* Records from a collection
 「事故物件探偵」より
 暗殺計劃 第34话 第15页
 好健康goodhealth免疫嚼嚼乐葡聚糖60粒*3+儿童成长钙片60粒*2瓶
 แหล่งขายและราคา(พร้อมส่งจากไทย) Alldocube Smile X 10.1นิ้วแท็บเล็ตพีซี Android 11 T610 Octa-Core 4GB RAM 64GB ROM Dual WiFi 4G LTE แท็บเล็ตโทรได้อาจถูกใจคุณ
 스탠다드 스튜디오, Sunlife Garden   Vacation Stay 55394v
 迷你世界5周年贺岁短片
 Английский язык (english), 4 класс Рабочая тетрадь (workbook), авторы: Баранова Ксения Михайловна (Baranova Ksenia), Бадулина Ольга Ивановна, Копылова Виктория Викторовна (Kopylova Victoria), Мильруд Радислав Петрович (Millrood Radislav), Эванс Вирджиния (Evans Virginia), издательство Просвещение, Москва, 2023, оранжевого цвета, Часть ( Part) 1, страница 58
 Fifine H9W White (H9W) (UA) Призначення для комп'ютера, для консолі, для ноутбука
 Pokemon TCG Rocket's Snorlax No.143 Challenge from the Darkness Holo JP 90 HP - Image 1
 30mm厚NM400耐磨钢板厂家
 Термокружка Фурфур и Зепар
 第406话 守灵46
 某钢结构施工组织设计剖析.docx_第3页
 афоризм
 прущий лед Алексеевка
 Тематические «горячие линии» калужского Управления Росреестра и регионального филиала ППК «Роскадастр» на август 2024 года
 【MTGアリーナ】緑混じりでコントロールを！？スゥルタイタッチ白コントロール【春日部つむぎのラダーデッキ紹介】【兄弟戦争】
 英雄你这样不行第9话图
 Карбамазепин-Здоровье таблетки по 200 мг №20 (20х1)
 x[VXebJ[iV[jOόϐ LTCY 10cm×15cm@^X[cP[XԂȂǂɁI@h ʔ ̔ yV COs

* YOUR OBJECTIVE
Your task is to give back every record exactly.

* YOUR RESPONSE
 「事故物件探偵」より
 暗殺計劃 第34话 第15页
 好健康goodhealth免疫嚼嚼乐葡聚糖60粒*3+儿童成长钙片60粒*2瓶
 แหล่งขายและราคา(พร้อมส่งจากไทย) Alldocube Smile X 10.1นิ้วแท็บเล็ตพีซี Android 11 T610 Octa-Core 4GB RAM 64GB ROM Dual WiFi 4G LTE แท็บเล็ตโทรได้อาจถูกใจคุณ
 스탠다드 스튜디오, Sunlife Garden   Vacation Stay 55394v
 迷你世界5周年贺岁短片
 Английский язык (english), 4 класс Рабочая тетрадь (workbook), авторы: Баранова Ксения Михайловна (Baranova Ksenia), Бадулина Ольга Ивановна, Копылова Виктория Викторовна (Kopylova Victoria), Мильруд Радислав Петрович (Millrood Radislav), Эванс Вирджиния (Evans Virginia), издательство Просвещение, Москва, 2023, оранжевого цвета, Часть ( Part) 1, страница 58
 Fifine H9W White (H9W) (UA) Призначення для комп'ютера, для консолі, для ноутбука
 Pokemon TCG Rocket's Snorlax No.143 Challenge from the Darkness Holo JP 90 HP - Image 1
 30mm厚NM400耐磨钢板厂家
 Термокружка Фурфур и Зепар
 第406话 守灵46
 某钢结构施工组织设计剖析.docx_第3页
 афоризм
 прущий лед Алексеевка
 Тематические «горячие линии» калужского Управления Росреестра и регионального филиала ППК «Роскадастр» на август 2024 года
 【MTGアリーナ】緑混じりでコントロールを！？スゥルタイタッチ白コントロール【春日部つむぎのラダーデッキ紹介】【兄弟戦争】
 英雄你这样不行第9话图
 Карбамазепин-Здоровье таблетки по 200 мг №20 (20х1)
 x[VXebJ[iV[jOόϐ LTCY 10cm×15cm@^X[cP[XԂȂǂɁI@h ʔ ̔ yV COs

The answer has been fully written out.